2024年11月21日、米国環境保護局(EPA)は「プラスチック汚染防止のための国家戦略(National Strategy to Prevent Plastic Pollution)」を発表し、プラスチック生産と廃棄物の影響から地域社会を守るために、政府機関、企業、非営利団体、地域社会が取ることができる方法を記載しました。

この戦略の内容は世界のプラスチック汚染を削減することで公衆衛生と環境を保護するという国際協定の内容に一致し、「プラスチック汚染に関する国際交渉委員会」の最終会合で発表されました。この戦略は、EPAの「万人のための循環型経済構築(Building a Circular Economy for All)」の一環としても、位置付けられています。

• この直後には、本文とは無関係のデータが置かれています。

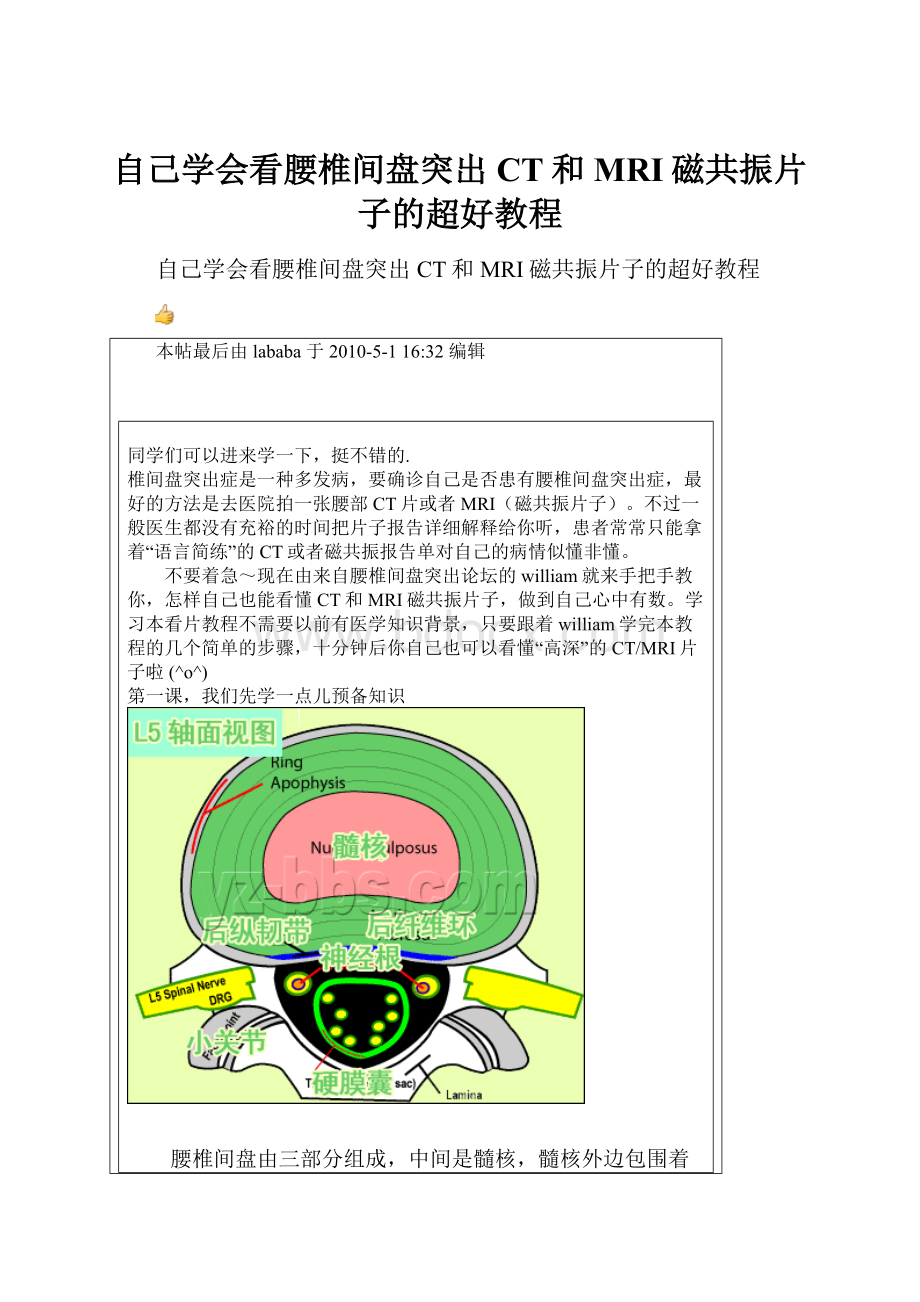 自己学会看腰椎间盘突出CT和MRI磁共振片子的超好教程.docx_第1页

具体的には、プラスチック材料をリサイクルや再利用のためにサプライチェーンに戻す仕組みを作り出すなどして、循環型経済の構築を促進するEPAの行動内容が記載されており、米国においてプラスチック製品の製造、輸出入、流通、使用、回収、リサイクル製品の製造などを行っている事業体に影響がおよびます。

この戦略発表の背景

ほとんどのプラスチック製品は再利用もリサイクルもされず焼却されるか、埋め立て処分されるかして、環境中に流出することになります。経済協力開発機構(Organisation for Economic Co-operation and Development、OECD)は、政治界、経済界などの介入がなければ、2060年までに世界のプラスチック使用量と廃棄量はほぼ3倍になると予測しています。また、プラスチック製品の製造や流通過程は、世界的な温室効果ガス排出の原因にもなっており、プラスチック製品のライフサイクル全体が環境汚染に影響を及ぼしていると考えられています。

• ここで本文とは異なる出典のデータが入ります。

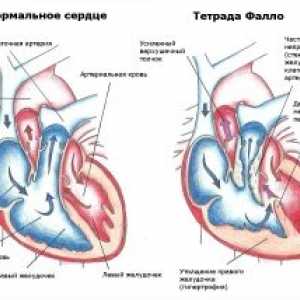 Срцева маана Тетралогија на Фало: третман, прогнозата знаци, симптоми, причини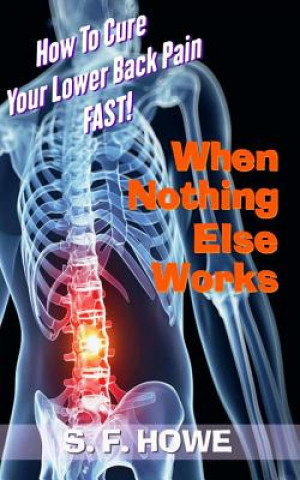 Carte When Nothing Else Works: How To Cure Your Lower Back Pain Fast! S F Howe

現在、マイクロプラスチックやナノプラスチックは、出産後のヒトの胎盤や母乳から検出され、ヒトの身体に残存し、生殖能力、心臓発作や脳卒中、その他の死亡のリスクを高める可能性がある、と考えられています。プラスチック製品から溶出する化学物質は、内分泌をかく乱し、血液脳関門に影響するとする研究報告もあります。そのため、これらプラスチックの分解物が将来、ヒトの健康を脅かす懸念が高まっています。

この戦略発表に至るまでのEPAの動き

EPAは、数十年にわたり、大気汚染や水質汚濁、また材料のライフサイクルを通じて発生、排出される固形廃棄物や有害廃棄物の誤った管理からヒトの健康と環境を守る取り組みを進めています。EPAはすでに、「プラスチック汚染防止のための国家戦略」を採用して基盤とすることで、「国家リサイクル戦略」「食品ロス・廃棄物の削減と有機物のリサイクルのための国家戦略」を策定・発表し、製造品を循環して資源としてリサイクルするなどの循環経済の構築を試みています。この行動目標は、連邦政府の行動計画を示す「ホワイトハウスの2024年報告書」とも一致しています。

米国議会の超党派は、「Save Our Seas 2.0 Act of 2020(2020年わが海を救え2.0法)」において、米国環境保護庁(U.S. Environmental Protection Agency、EPA)に対し、水路や海洋においてプラスチックやその他の物質の廃棄物を削減するための戦略策定を課しています。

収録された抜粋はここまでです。